Each of those two characters has a trail-byte of 0x7C. The parser seems to be viewing that as a delimiter instead of part of a 2-byte sequence for a code page 950 character. This is why you get a "?" in both "City" and "Country" with the remaining input line in the "Gender" column. The "?" in those two columns is due to the lead bytes 0xA5 and 0xB7 not being valid on their own.

The next line has the same issue:

                              COLLATE Chinese_Hong_Kong_Stroke_90_CI_AI))
-- 0xA4B8 AED4 A46A A77C 7C

This time I kept the delimiter that comes at the end of the "City" value (so it would be clearer that the delimiter is the same byte value as the trail byte of that 4th character). The 4th character, , is encoded as 0xA77C in code page 950. This is why only the 4th character shows up as "?".

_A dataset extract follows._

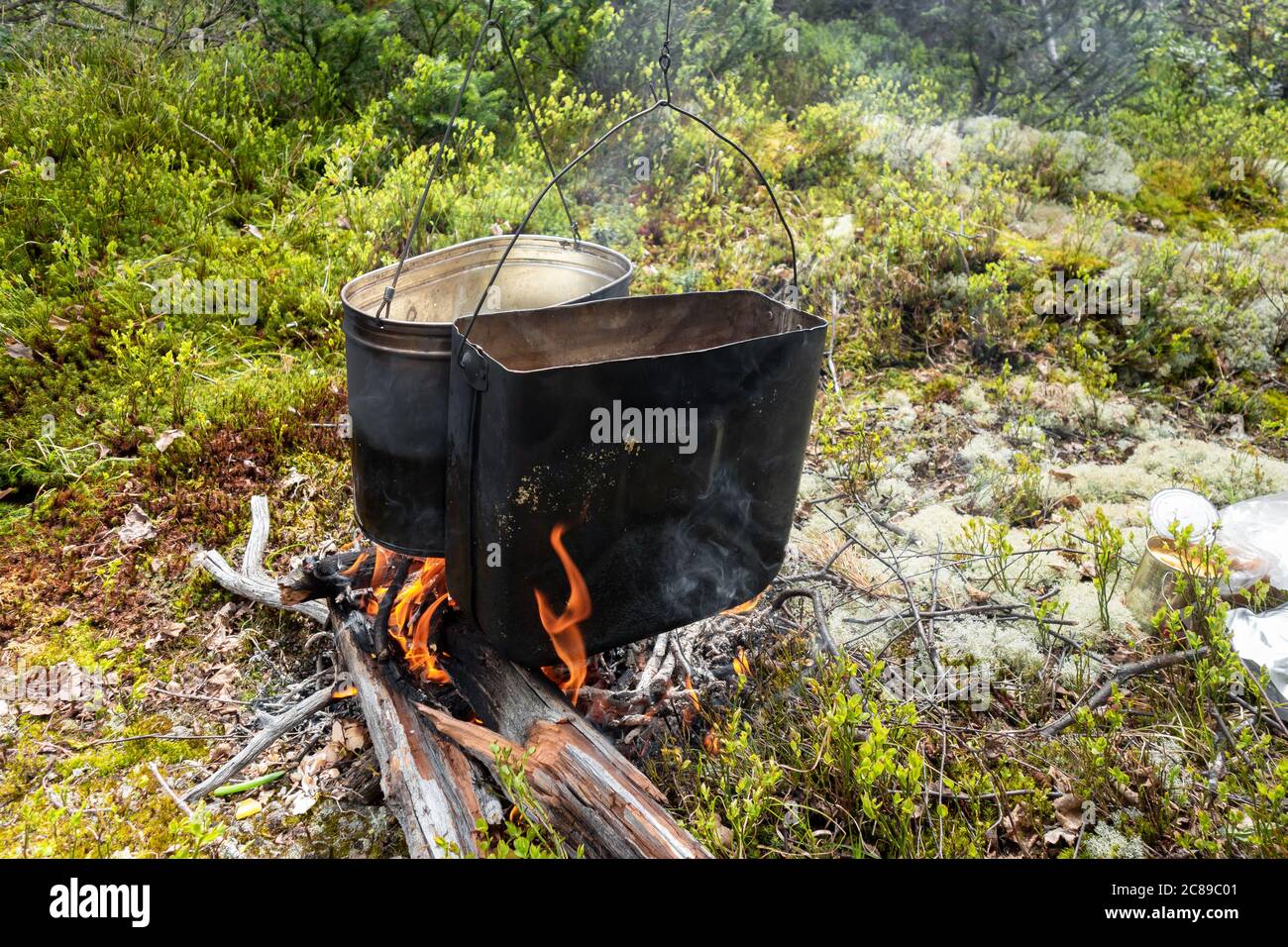 Cucinare cibo in condizioni di campo, in calderoni affumicati su un fuoco in una foresta in una radura. Il concetto di viaggio in famiglia e di svago all'aperto. Foto Stock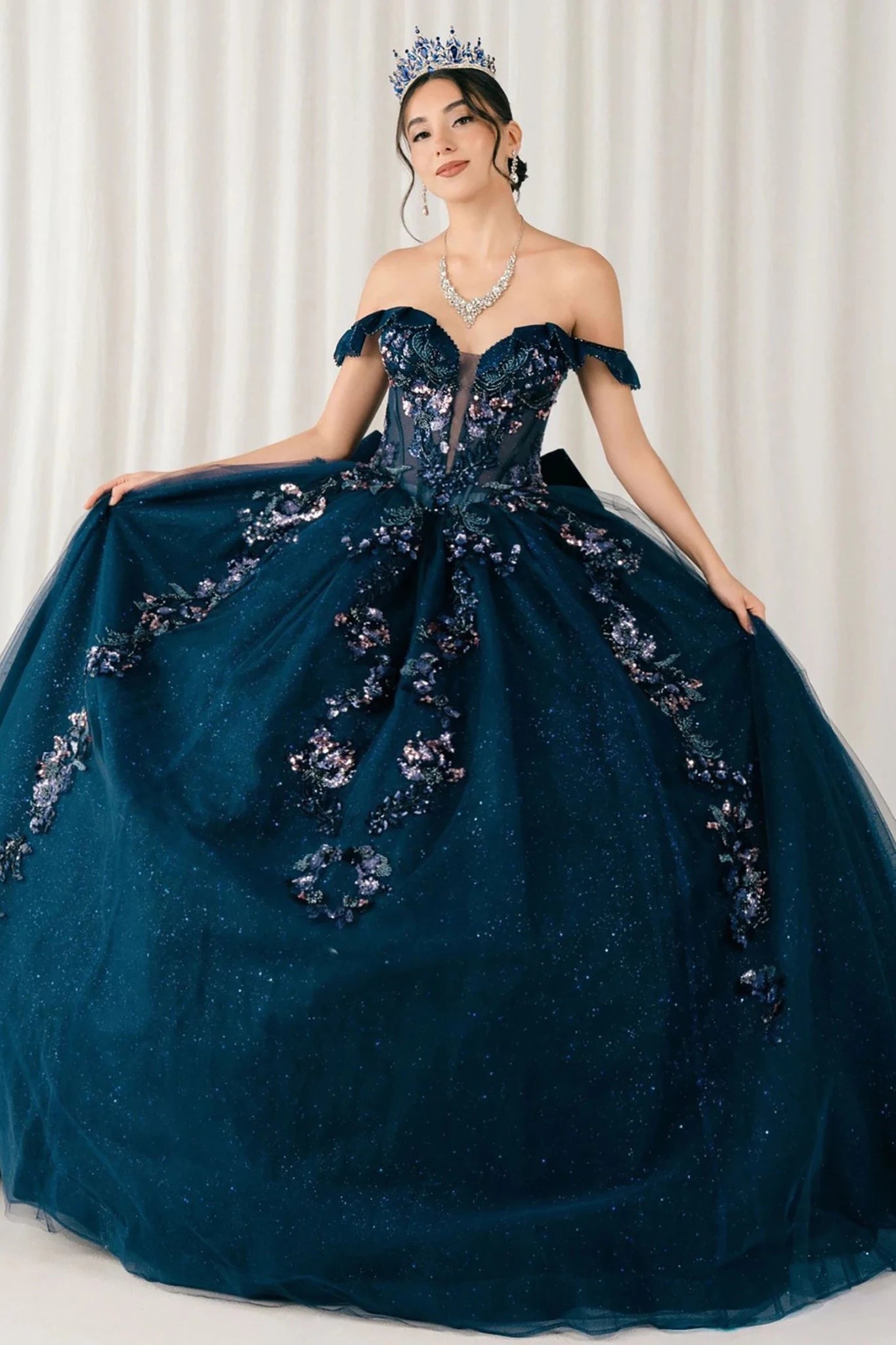 Woman wearing navy quinceañera royal dress with embroidered beaded corset bodice, shimmering textured skirt, cathedral train, detachable cape, and gloves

So, this might be a bug in SSIS. Or, perhaps it's a configuration issue. Is there a way to indicate that the entire file, not just this one column, is code page 950? Dealing with code pages on a column-by-column basis, in terms of a text file, makes no sense. The entire file is encoded as code page 950, not just that one column. If it's possible to change the delimiter that might help, but it most likely just delays the problem as any delimiter can be encoded as a valid trail-byte value for double-byte characters. Given that OPENROWSET works correctly, I have to believe that this also can (although you aren't setting the file's encoding for OPENROWSET, just the column, so this could still be an SSIS bug).

Please try the following to set the file's encoding within SSIS:

  1. Go to the Flat File Connection Manager Editor (General Page)
  2. Under "Code Page", enter in 950.
  3. Make sure that "Unicode" is not selected.

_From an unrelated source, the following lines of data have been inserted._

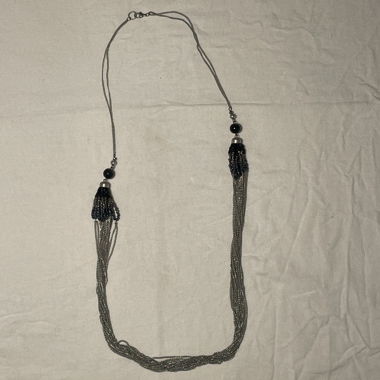 Collier long multi-rangs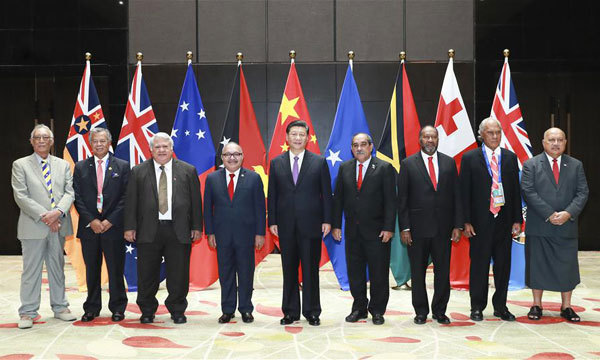 Chinese President Xi Jinping hosts a collective meeting with Papua New Guinea Prime Minister Peter O'Neill, President Peter Christian of the Federated States of Micronesia, Prime Minister Tuilaepa Malielegaoi of Samoa, Vanuatu Prime Minister Charlot Salwai, Prime Minister Henry Puna of the Cook Islands, Prime Minister Samuela Akilisi Pohiva of Tonga, Niue Premier Toke Talagi and Fiji government representative, Defense Minister Ratu Inoke Kubuabola, and delivers a keynote speech in Port Moresby, Papua New Guinea, November 16, 2018. [Photo: Xinhua/Pang Xinglei]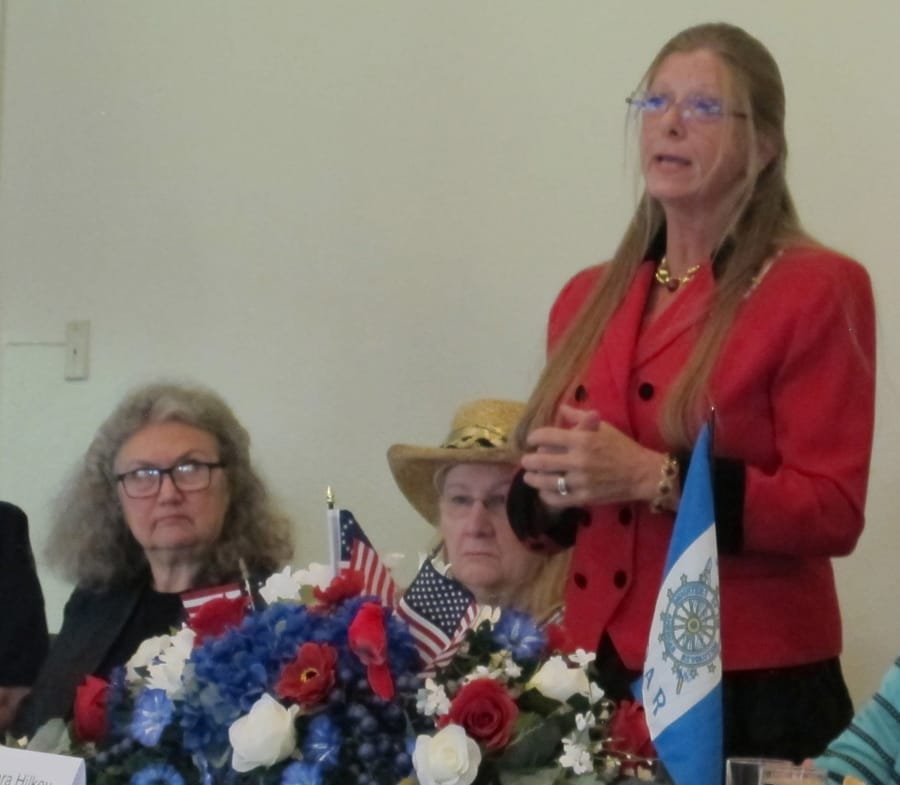 CENTRAL VANCOUVER: Barbara Hilkey, chapter regent of the Fort Vancouver Chapter of the Daughters of the American Revolution, speaks at the group&#039;s 100th anniversary luncheon Oct.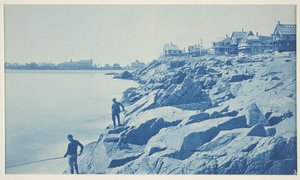 Two Men Fishing from Rocks at Seaside Resort by William H. Cades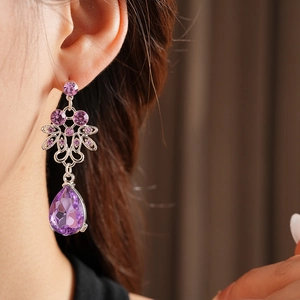 Close-up of purple teardrop crystal earring with intricate silver floral metalwork detail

Also, check the "CITY" column under "Output Columns" and make sure that it is using "Standard Parse" and not "Fast Parse" (since "Fast Parse" is locale-insensitive).

  • 1
    For what it's worth, I can confirm that if you replace the pipe delimiters with commas or tabs, and save the entire file in Big5 format it does import correctly with DT_WSTR types (without any additional data conversion steps or functions). Also, adding double quotes as text qualifiers does appear to defeat the issue too.
    – Jacob H
    Sep 10, 2019 at 16:03
  • @JacobH Thanks for confirming. Can you please also test with DT_STR since the column is VARCHAR (8-bit, non-Unicode) in the text file? Also, I did not mention text qualifiers since I got the impression that the OP wouldn't be able to change the format of the source file. Changing the delimiter, on the other hand, is possible using a 3rd party tool to reformat the file (any search and replace of | into something else would work as long as the tool understands that the file is encoded as code page 950 and hence would not misread these 0x7C trail-bytes as being |). Sep 10, 2019 at 16:08
  • 1
    Right, good call. The file is non-unicode. And it does work with DT_STR, without additional data conversion.
    – Jacob H
    Sep 10, 2019 at 16:46
  • 1
    Yes, exactly. I can reproduce the original problem without the Data Conversion step.
    – Jacob H
    Sep 10, 2019 at 17:03
  • 1
    Yes, when I try to set the code page at the column level, it looks like it is being inherited and overwritten from the connection (i.e. set to 950). Which does make sense. I am not able to set the column code page property and have it "stick".